If a plug/socket connectors are fitted on the cabinet, the preamp can easily be hooked up into the guitar. If this is executed, preset P1 could be substituted with any standard potentiometer to facilitate quick amplification control using the pot knob protruding from the case.
Improved Guitar Preamp Circuit
The following two designs were contributed by Mr. Paul, who is one of the avid readers of this blog.
The details are presented below, as sent by Mr. Paul through email:
I wish to submit to you my schematic for a guitar Preamp. This Preamp incorporates a very unique way of cancelling any noise on the power supply. The 33K resistors are in parallel, because of the zero resistance of the power supply.

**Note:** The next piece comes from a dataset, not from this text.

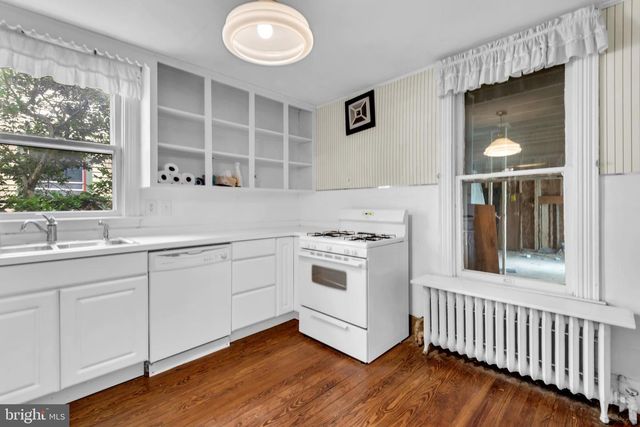 303 GOLDSBOROUGH ST, Easton, MD 21601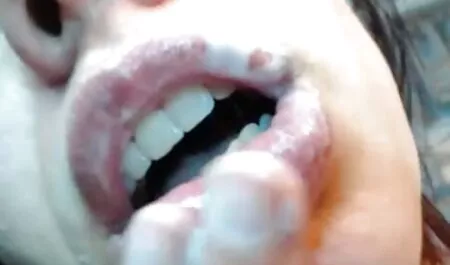 Angela masturbira porn film son s debelim vibratorom na balkonu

This forms a gain determining resistance of 16.5K.
A 50K resistor is placed in series with that 16.5K to form a bias resistance of 66.5K that is applied to the non inverting input.
Should there be any noise on the power supply, the noise divides by two where the 33K resistors meet. That noise is coupled through the .33Uf capacitor to the inverting input, and also coupled through the 50K resistor to the non inverting input.
The amplified noises cancel each other at the output. The .1Uf capacitor ac couples the audio input signal. The .47Uf capacitor ac couples the audio output signal. Voltage gain = .75 × ((1+(68000/16500)). 3.841 as shown. (11.7 db) This is because 25% of my audio input signal is ac coupled to the inverting input.
Preamp with Buffered Outputs
My original Guitar Preamp just got better. This Preamp has the same power supply noise cancellation as the original circuit.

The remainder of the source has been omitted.